EWB-UD Attracts Many Honors Students

“A society grows great when old men plant trees whose shade they know they shall never sit in.”

The late Dr. Steven Dentel lived by this Greek proverb and it helps explain his dedication to the creation of the University of Delaware’s chapter of Engineers Without Borders (EWB-UD).  Through his guidance and the work of dedicated students, EWB-UD has continued to “plant trees” through globally-focused charitable work for the past 10 years.

Engineers Without Borders-USA is a non-profit, humanitarian organization of dedicated and enthusiastic students and professionals who believe everyone should have access to adequate sanitation, safe drinking water and resources to meet their basic needs. EWB-UD’s members have worked with professional engineers in international communities to develop and implement projects for clean water and sanitation. The group’s dedication to a worthy mission while giving undergrads the opportunity to do impactful work has captivated the interest of many on campus, especially Honors Program students.

Honors student and former EWB-UD treasurer Cedric Whitney (’17) noted how the combination of engineering, global travel and working on real projects heightened his initial interest in EWB-UD as a freshman and has kept him committed to the organization ever since.

Philippines Project

Two trips are being planned for summer 2017. The first trip is to the Sakata Region of Malawi to continue an existing partnership in the region and assess the needs in the village of Chiliman. The second trip is to the Philippines to install a water chlorination and disinfection system for part of Ubujan. To prepare for these trips, EWB-UD members must communicate with engineers and non-profit organizations in these locations to prepare their projects and ensure on-site implementation can run smoothly. Working with people in different time zones who speak different languages has made communication difficult, but current president and Honors student Sarah Hartman (’17) considers an important component of the work that they do.

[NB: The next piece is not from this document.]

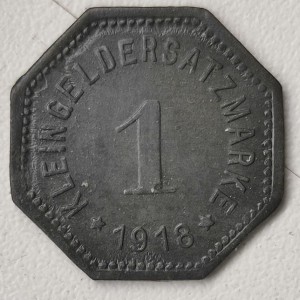 Реверс монеты Германия, 1 пфенниг, 1918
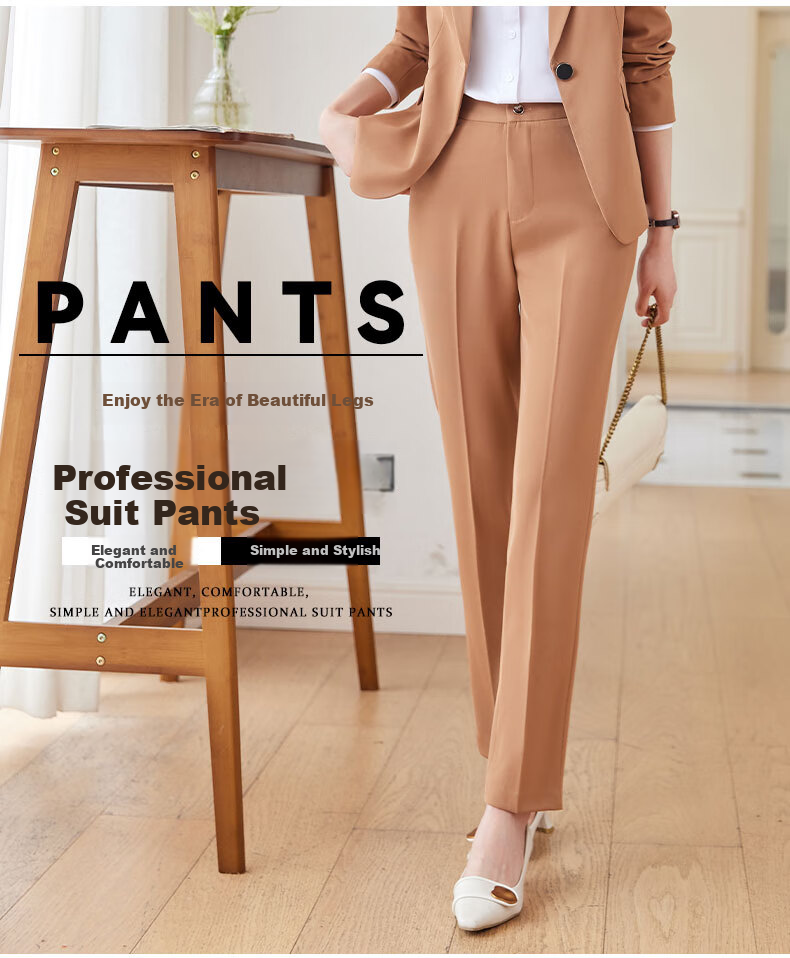 Romon Women's Summer Stretch Breathable Elegant Office Black Dress Pants 2XL 2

EWB-UD President Sarah Hartman and Vice President Lia Dawson

Hartman got involved early with the project in the Philippines.  “I could never undersell my love for starting EWB-UD’s current project in the Philippines,” she said. “Even before we traveled to Ubujan for the first time, I felt a connection with our community contacts.”  She spent nearly a year working with them long-distance thanks to technology.  Developing those relationships made the arrival to Ubujan easier and more rewarding.  “I was able to put face[s] to name[s] and turn this idea of helping Ubujan into a reality,” Hartman said.

In addition to working with people and groups internationally, EWB-UD also does charitable work for the University of Delaware’s surrounding community.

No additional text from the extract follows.